A while back I came home from work and my wife was watching Dr. Phil. He had a lady on who was an addict. She gave him a hard time telling him that she didn’t really like him at all. He replied, “That’s O.K. because what you think of me does not affect my self-esteem in the least.”

I thought to myself, “Wouldn’t that be nice if we all could think that way?” The problem is we don’t. We are all looking for approval. Some of us are athletes, others are teachers or physicians, some are extremely intelligent, good speakers or just good looking; a few of us are rich or powerful, but in some crazy way we are all trying to get people to clap for us. We want people to cheerus and say that we are normal, healthy, moral, upright and good. And it’s not just that we want to hear it from someone, but many someones. And much more than we want to love someone, we want to be loved.

I know it’s easy to sit here and generalize, but the truth is I want to be loved. I want people to think I am not a loser. I want someone to redeem me from my pitiful little life and treat me as if I were wonderfully important and I want them, YOU to let me have my own way. Listen, though, to Eugene Peterson’s commentary/translation of Galatians 5:19-21 (It’s from the translation called “The Message:”

"It is obvious what kind of life develops out of trying to get your own way all the time: repetitive, loveless, cheap sex; a stinking accumulation of mental and emotional garbage; frenzied and joyless grabs for happiness; trinket gods; magic-show religion; paranoid loneliness; cutthroat competition; all-consuming-yet-never-satisfied wants; a brutal temper; an impotence to love or be loved; divided homes and divided lives; small-minded and lopsided pursuits; the vicious habit of depersonalizing everyone into a rival; uncontrolled and uncontrollable addictions; ugly parodies of community. I could go on.
This isn't the first time I have warned you, you know. If you use your freedom this way, you will not inherit God's kingdom."
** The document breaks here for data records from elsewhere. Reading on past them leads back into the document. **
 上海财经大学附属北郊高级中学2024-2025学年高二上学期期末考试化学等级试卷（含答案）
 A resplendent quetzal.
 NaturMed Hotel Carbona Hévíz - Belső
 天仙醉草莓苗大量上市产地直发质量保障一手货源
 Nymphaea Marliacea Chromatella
(The English Standard Version says it this way: "Now the works of the flesh are evident: sexual immorality, impurity, sensuality, idolatry, sorcery, enmity, strife, jealousy, fits of anger, rivalries, dissensions, divisions, envy, drunkenness, orgies, and things like these. I warn you, as I warned you before, that those who do such things will not inherit the kingdom of God.")
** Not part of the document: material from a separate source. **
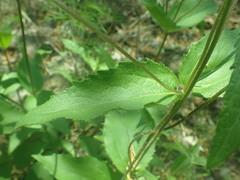 Lasianthaea podocephala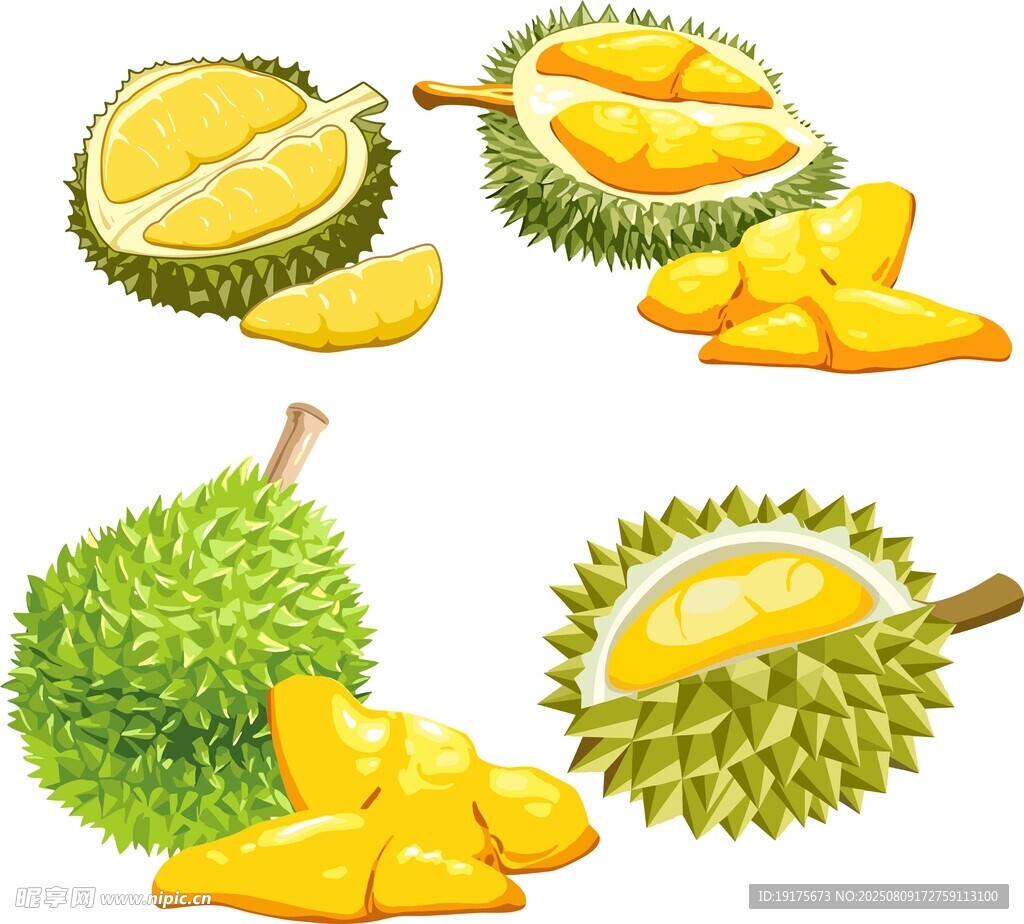 多樣榴蓮形態(tài)展示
We know this and yet we keep on with our selfish lives. At the same time, we don’t want to live these selfish lives. We want redemption…HOPE…PEACE. And the wonderful thing is, and in our better moments we know this, WE HAVE IT! We have redemption and the good part is it doesn’t depend upon how good we are or how much we are liked or if anyone claps for us at all. It depends upon the sacrifice of Jesus Christ upon the cross and that is why we can be assured of salvation. All we have to do is depend upon Him. He paid the price. He took the loneliness of the cross; He took the beatings meant for us; He took the humiliation and the shame of it all so that we might know, above all things, that we are loved and wanted. So that we might know HOW MUCH we are loved and wanted. And so that we might be redeemed from our little lives and adopted into the family of God.

Of all things we ought to be thankful for at this time of the year and always, it is for the assurance of that genuine love and the salvation it has brought to us. John says to us:

1 John 5:11-13 (ESV)
"And this is the testimony, that God gave us eternal life, and this life is in his Son. Whoever has the Son has life; whoever does not have the Son of God does not have life. I write these things to you who believe in the name of the Son of God that you may know that you have eternal life."

Knowing this…being assured of this, let’s be thankful.